> _What to work on_:
Using the records that follow, reproduce exactly the lines starting at the line containing "フローディアモア リペアコンクメルティー（メルティー1、ジェル2）" and ending at the line containing "Preprints 96267 g014". Include both end lines and no pictures.

> _Input for this task_:
○ ○ ○
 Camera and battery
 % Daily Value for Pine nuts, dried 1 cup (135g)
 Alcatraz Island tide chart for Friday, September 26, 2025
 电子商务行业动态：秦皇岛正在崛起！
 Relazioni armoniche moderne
○ ○ ○
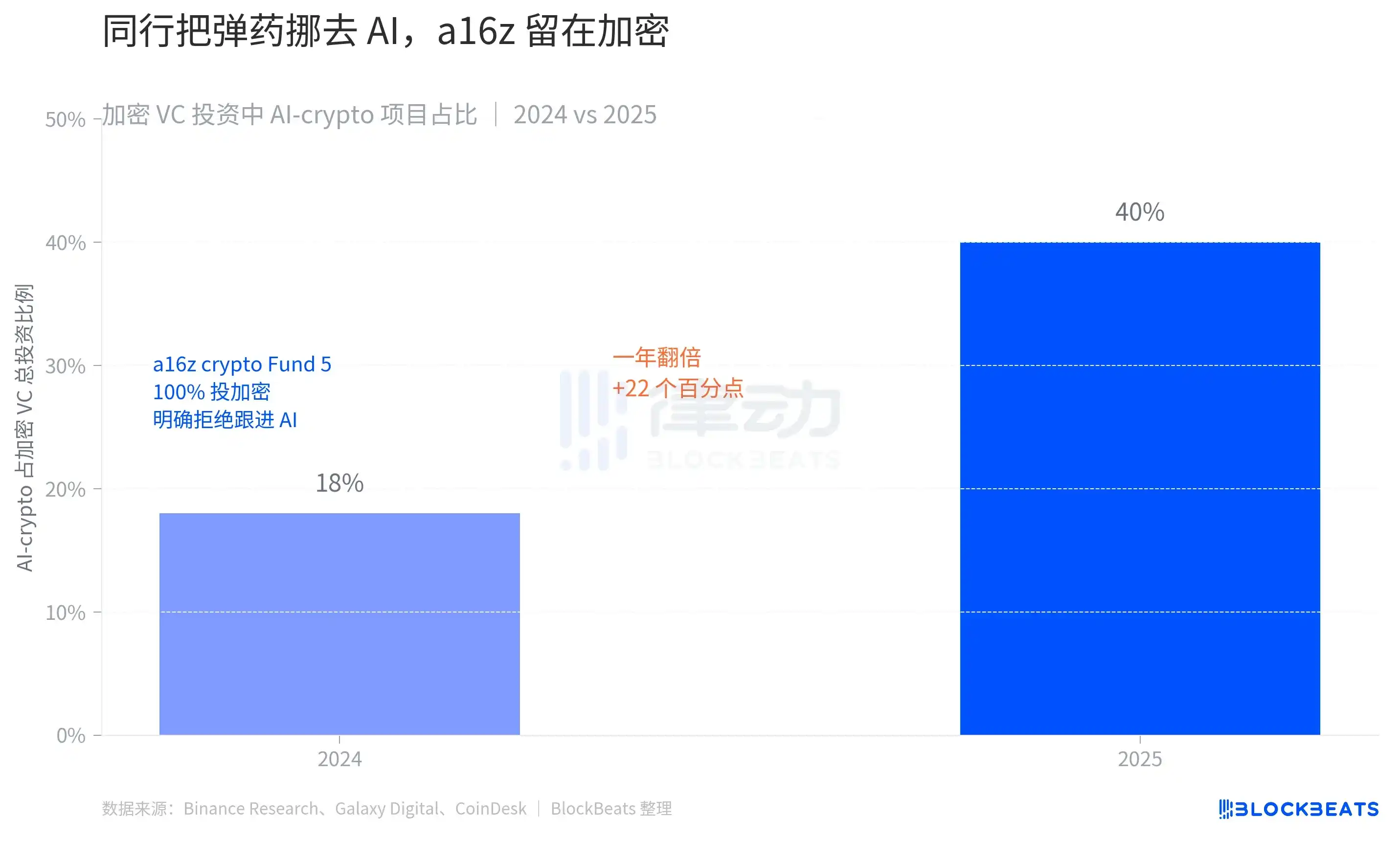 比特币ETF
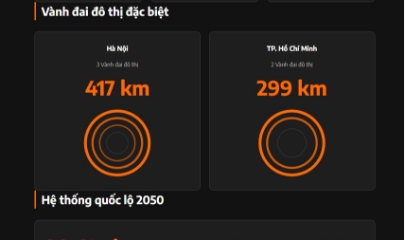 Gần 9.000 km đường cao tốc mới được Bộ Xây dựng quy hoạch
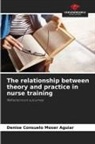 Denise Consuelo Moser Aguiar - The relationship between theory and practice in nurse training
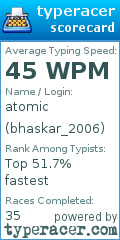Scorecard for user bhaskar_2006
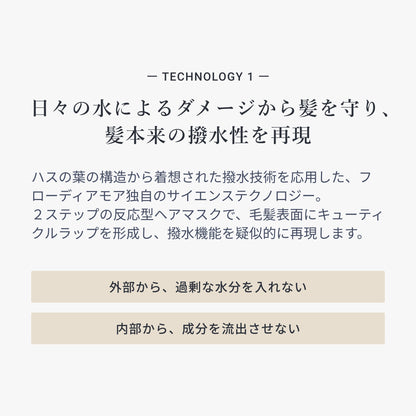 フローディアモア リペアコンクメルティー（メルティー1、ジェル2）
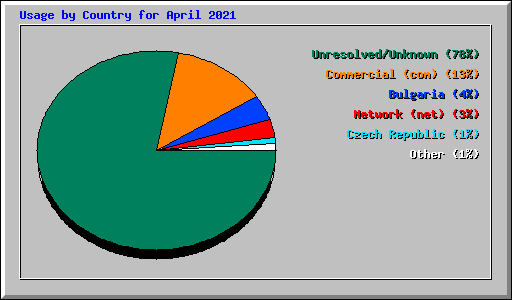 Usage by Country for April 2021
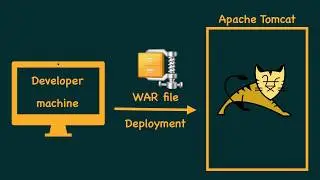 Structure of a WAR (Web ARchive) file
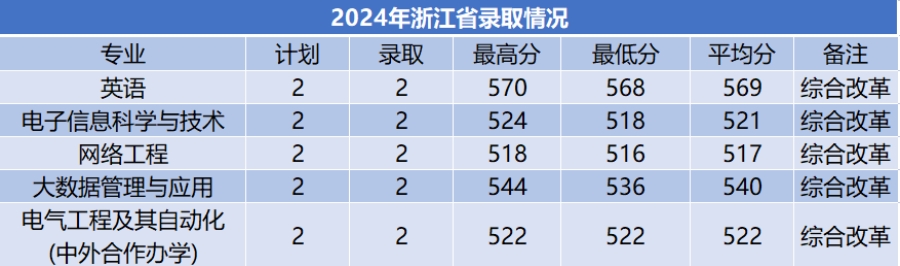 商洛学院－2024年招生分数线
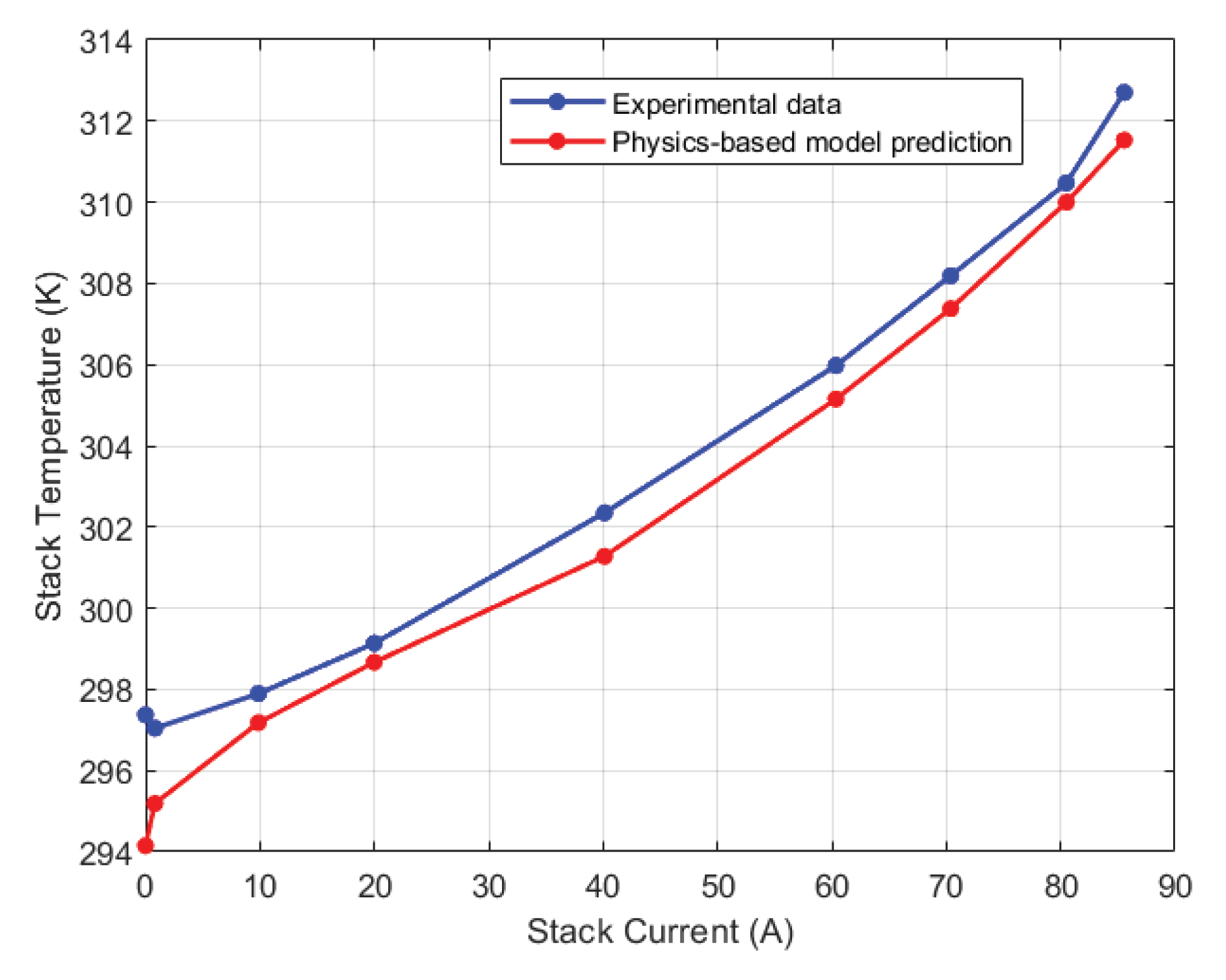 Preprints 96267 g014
○ ○ ○
> _Result for this exercise_:
 フローディアモア リペアコンクメルティー（メルティー1、ジェル2）
 Usage by Country for April 2021
 Structure of a WAR (Web ARchive) file
 商洛学院－2024年招生分数线
 Preprints 96267 g014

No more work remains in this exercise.